バナジン鉛鉱 −モロッコ、ミブラーデン産

 

北欧神話を彩る神々の中で、私たちにもっとも親しいのは、オーディンの妻フレイヤだろう。オーディンが果てのない長旅に出たとき、彼女もまた夫を探して9つの世界を経巡った。夫を想って流した涙は各地で黄金とコハクに変じた。ゆえにフレイヤは鉱石と宝石の守護神である(※1)。
彼女は元来、豊穣の女神であり、健康、若さ、肥沃、運、富そして死(死は生と一体であるから)を司る。旅の途次、先々で名前を変えたが、そのひとつにヴァナディースがある。豊穣の神々ヴァン(ヴァナ)族のディース(女神)の意味で、彼女の出自を表している。この名前は元素バナジウムの語源となった。
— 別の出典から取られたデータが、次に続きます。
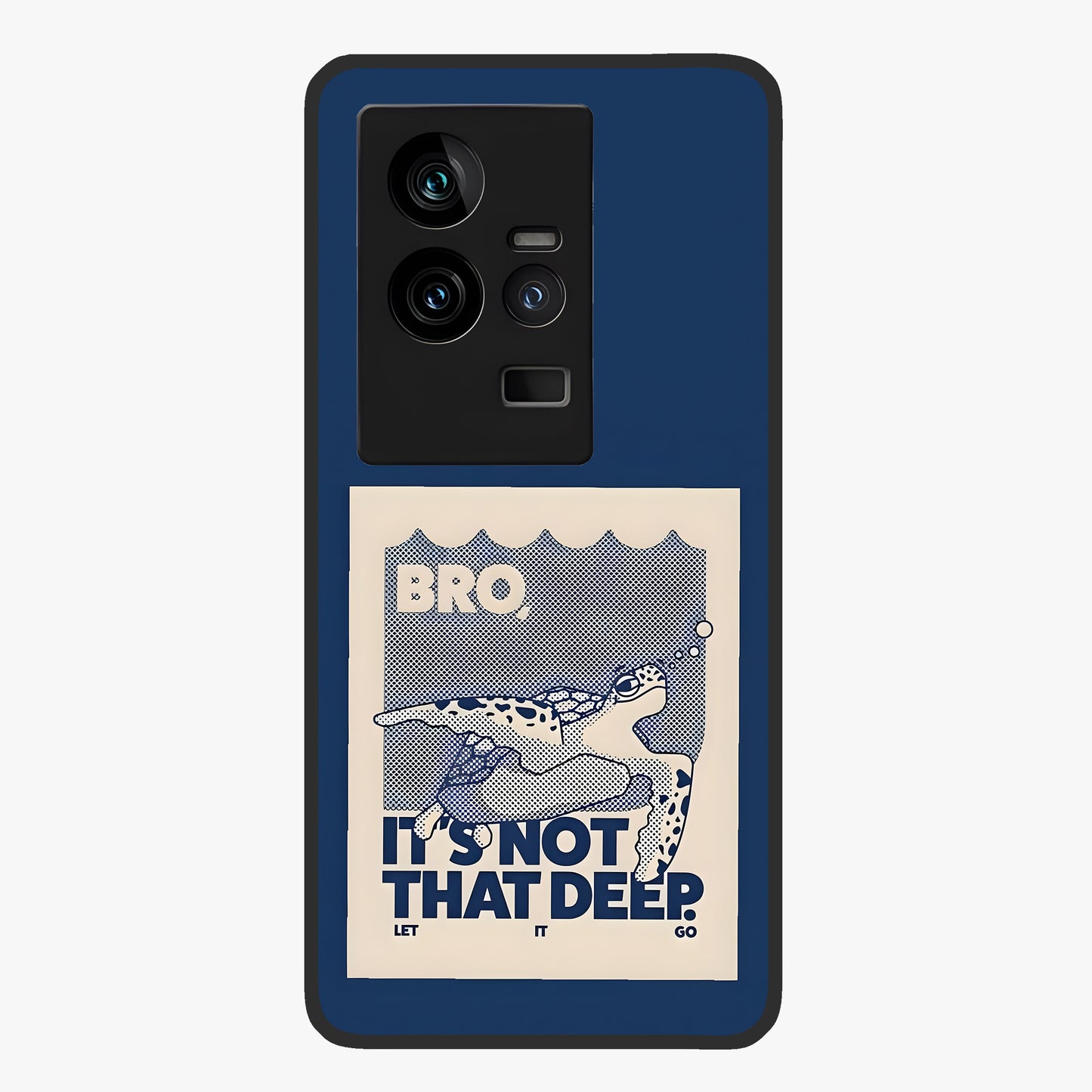 Worry Less Swim Glass Case showing flat back view with playful motivational artwork and glossy glass finish.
命名者は、1830年に新元素を再発見(※2)したスウェーデンの化学者セフストレーム。母国の神話から着想するあたり、なかなかロマンチストだったと見えるが、バナジウムは酸化状態に応じて様々な色彩を示す元素であり、まさに豊穣の女神に相応しい。2価V2+、3価V3+、4価VO2+、5価VOの色はそれぞれ紫、緑(例:エメラルド、ロスコー雲母)、青(原田石、カバンシ石)および無色。Vは橙赤色(本鉱、東京石など)(※3)。これらのイオンが錯体を生成すると、さらに多彩な変化を見せる。
バナジン鉛鉱(バナジナイト)は、バナジウムを含む鉱石であることから命名された。赤系統の美しい色をした六角板状(柱状)の結晶となることが多い。
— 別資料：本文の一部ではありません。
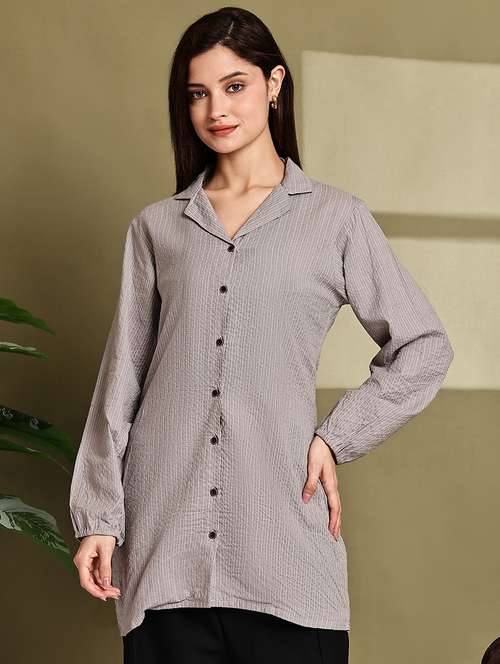 women lapel collar long sleeve regular fit shirt - 22185025 -  Standard Image - 0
ちなみにフレイヤとは淑女を意味する。フレイヤの日(フライデー:金曜日)は愛に相応しい日であり、特に結婚式を挙げるのに良い。キリスト教徒は古代宗教を異端として金曜日を忌む傾向があるが、ゲルマン民族(ドイツ人ら)は、今でも吉日とみなし、好んで婚礼が行われる。
(彼らの婚礼については、ひま話「ドワーフ小人と鉱山師」後半にもトピックあり)

※1:北欧神話には、さまざまな伝説が輻輳している。フレイヤは太陽神オドの妻であり、夫が太陽として天空を巡る後を追って、黄金のしずく(こはく)を地上に降り注いだともいう。ちなみにオド≒オーディンはヴォータン(Wodan)ともいい、Wednesday(水曜日)はヴォータンの日のこと。
※2:バナジウムは、メキシコの鉱物学者デル・リオが「シマパン産の褐色の鉛」鉱石から1801年に発見したが、その性質がクロム(やウラン)に酷似していることから、後に新元素と考えていたものはクロムにすぎなかったと結論した。しかし、実はやはり新元素(バナジウム)だったのである。デル・リオはセフストレームがヴァナジウムを発表した後になってはじめて、自分が新元素を見つけていたことを知った。 cf.No.348 コバルト華 付記
なお、本鉱は古い図鑑では「褐鉛鉱」の名で参照されており、バナジン鉛鉱はデクロワゾー石の和名とされている。
※3:VO(褐色)、V(灰色)、V(黒色)、V(暗青色)。なお、3価イオンの色は、No.117ツアボライトに蜂蜜色と書いたが、緑色、紫色との説もあってよくわからない。

 

キドニー・オア(褐鉄鉱/針鉄鉱)上のバナジン鉛鉱
−モロッコ、タオズ産?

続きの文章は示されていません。